Göğüs kanseri hastalarının ve tüm kanser hastalarının Kovid-19’dan korunma konusunda iki kat ihtimam göstermesi gerektiğini aktaran Kapu, “Meme kanseri hastalarının pandemi müddetince şayet mümkünse kendilerini büsbütün izole etmeleri, bu mümkün değilse kalabalık ortamlardan mümkün mertebe kaçınmaları gerekir. Hastaların el hijyeni, besin hijyeni, toplumsal ara ve maske kullanımı üzere konularda da üst seviye hassasiyet göstermeleri gerekiyor. Ek olarak tabip tarafından reçetelendirilmiş olan ilaç tedavilerinin aksatılmaması da bu süreçte ekstra kıymet taşıyor.” açıklamasını yaptı.

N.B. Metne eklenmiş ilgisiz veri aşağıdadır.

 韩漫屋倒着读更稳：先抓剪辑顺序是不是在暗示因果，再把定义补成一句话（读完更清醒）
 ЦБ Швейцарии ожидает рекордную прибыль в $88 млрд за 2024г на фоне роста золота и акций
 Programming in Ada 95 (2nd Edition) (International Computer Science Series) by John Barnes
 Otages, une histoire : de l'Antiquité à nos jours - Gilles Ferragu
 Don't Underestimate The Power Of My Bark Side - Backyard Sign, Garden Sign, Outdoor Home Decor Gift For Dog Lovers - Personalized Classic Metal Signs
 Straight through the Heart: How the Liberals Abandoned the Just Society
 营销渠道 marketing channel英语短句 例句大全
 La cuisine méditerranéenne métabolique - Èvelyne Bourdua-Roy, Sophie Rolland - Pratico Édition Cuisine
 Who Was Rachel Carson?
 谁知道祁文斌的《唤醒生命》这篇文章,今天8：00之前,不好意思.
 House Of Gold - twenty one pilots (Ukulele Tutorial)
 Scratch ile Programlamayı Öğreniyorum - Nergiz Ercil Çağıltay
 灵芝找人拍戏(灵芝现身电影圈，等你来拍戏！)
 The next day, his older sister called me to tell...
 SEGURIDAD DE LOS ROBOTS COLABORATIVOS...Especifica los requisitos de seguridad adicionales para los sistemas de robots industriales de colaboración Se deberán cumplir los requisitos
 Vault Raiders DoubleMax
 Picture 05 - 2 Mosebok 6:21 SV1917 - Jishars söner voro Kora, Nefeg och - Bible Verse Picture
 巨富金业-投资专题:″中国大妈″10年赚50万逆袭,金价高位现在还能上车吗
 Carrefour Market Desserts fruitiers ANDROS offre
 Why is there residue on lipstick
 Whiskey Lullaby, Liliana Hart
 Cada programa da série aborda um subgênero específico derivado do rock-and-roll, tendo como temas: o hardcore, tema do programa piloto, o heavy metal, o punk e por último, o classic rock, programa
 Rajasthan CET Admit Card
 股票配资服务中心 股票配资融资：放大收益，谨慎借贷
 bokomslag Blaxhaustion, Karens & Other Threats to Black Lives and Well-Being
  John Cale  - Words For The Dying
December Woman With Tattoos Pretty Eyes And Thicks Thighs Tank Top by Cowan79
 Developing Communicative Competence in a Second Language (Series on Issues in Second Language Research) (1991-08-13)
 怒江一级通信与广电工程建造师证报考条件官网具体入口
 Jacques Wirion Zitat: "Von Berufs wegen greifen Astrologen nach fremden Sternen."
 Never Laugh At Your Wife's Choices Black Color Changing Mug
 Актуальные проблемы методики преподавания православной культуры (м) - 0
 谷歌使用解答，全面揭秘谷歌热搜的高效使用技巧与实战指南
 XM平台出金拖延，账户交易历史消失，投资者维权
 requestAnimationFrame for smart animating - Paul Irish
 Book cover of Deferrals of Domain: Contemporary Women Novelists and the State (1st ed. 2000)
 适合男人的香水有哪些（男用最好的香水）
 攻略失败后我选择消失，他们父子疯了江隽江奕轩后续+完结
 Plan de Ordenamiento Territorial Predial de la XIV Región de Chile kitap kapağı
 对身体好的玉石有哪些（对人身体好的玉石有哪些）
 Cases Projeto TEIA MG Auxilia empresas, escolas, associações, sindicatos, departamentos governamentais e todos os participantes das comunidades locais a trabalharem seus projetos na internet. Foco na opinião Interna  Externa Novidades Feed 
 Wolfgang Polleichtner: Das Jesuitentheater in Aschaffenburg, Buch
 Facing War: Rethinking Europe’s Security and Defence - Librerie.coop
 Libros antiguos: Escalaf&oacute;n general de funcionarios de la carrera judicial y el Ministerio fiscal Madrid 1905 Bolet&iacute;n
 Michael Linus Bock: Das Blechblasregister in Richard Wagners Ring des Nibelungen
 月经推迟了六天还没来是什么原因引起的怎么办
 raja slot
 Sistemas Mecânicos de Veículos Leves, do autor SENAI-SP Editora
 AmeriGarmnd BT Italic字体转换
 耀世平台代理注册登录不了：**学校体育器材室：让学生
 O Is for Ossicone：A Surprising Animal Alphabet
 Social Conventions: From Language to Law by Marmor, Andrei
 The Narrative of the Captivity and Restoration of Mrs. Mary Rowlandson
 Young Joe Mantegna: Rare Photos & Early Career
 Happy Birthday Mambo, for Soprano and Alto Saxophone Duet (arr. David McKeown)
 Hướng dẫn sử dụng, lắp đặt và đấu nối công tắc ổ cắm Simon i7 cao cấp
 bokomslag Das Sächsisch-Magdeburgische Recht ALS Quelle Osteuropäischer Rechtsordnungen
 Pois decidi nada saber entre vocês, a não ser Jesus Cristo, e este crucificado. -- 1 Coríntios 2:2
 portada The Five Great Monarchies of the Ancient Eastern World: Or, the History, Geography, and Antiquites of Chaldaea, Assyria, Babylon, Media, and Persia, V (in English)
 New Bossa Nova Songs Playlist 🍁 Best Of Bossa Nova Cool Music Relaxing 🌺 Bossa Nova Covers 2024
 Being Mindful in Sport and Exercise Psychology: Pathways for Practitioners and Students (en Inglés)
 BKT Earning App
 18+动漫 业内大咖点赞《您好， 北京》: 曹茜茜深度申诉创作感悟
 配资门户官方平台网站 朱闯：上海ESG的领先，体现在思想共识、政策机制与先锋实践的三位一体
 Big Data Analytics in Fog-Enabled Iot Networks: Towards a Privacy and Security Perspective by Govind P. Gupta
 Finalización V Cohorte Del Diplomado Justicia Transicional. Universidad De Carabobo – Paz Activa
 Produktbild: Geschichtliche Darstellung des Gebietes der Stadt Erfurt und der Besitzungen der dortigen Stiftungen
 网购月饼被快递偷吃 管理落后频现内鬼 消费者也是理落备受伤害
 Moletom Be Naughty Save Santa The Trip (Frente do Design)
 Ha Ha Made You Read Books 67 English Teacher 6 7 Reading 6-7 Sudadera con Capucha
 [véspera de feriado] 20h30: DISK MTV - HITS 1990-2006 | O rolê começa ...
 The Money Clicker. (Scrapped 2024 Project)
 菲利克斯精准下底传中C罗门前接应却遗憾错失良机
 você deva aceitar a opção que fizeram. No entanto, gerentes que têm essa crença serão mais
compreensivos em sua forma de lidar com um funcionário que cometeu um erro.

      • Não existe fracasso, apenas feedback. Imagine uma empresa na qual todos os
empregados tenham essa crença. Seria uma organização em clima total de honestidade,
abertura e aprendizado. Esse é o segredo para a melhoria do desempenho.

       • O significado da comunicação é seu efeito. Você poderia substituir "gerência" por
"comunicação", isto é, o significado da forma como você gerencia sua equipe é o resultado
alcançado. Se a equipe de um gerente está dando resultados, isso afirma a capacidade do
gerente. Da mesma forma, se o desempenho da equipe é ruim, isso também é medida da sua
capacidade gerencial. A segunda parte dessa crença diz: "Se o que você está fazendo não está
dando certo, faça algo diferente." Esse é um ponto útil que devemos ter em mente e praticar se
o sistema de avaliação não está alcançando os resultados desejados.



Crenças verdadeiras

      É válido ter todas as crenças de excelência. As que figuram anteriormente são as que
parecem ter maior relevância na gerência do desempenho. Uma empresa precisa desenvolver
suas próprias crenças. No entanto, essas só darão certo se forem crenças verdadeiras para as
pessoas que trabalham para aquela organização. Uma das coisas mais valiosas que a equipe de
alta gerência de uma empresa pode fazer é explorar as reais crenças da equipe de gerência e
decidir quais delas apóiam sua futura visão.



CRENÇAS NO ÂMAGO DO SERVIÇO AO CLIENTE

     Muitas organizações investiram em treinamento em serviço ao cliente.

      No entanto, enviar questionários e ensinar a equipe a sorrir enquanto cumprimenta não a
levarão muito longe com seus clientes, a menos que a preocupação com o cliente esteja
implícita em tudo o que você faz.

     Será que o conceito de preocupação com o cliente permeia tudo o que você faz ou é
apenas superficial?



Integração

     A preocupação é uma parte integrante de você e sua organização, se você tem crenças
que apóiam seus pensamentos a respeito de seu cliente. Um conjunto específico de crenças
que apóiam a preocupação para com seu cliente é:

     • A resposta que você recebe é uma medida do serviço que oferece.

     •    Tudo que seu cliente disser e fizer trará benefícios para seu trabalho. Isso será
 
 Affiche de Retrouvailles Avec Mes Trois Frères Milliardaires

Kapu, kanser hastalığının bedende yarattığı yıkım ve tedavilerin oluşturduğu olumsuz tesirlerin göğüs kanseri hastalarında bağışıklık sisteminin sağlıklı bireylere oranla daha zayıf olmasına neden olduğunu belirterek, şunları kaydetti:
“Bu hastalarda bağışıklık sisteminin güçlendirilmesi ismine sağlıklı ve istikrarlı beslenme epeyce değerli. Tüm besin kümelerini istikrarlı ölçüde içeren, doğal ve sağlıklı besinlerle oluşturulmuş bir beslenme planının uygulanması bağışıklık sisteminin güçlendirilmesi için büyük değer taşıyor. Bunun yanı sıra bağışıklığı olumsuz etkileyen kıymetli etkenlerden bir başkası ise gerilim. Bağışıklık sisteminin olumsuz etkilenmemesi ismine hastaların gerilimden uzak durması, hasta yakınlarının da bu bahiste gerekli hassasiyeti göstermesi gerekiyor. Bunun yanı sıra hastalar tabiplerinin verdiği tavsiyeler doğrultusunda sıhhat denetimlerini ve tedavi planlarını aksatmamaya dikkat etmeliler.”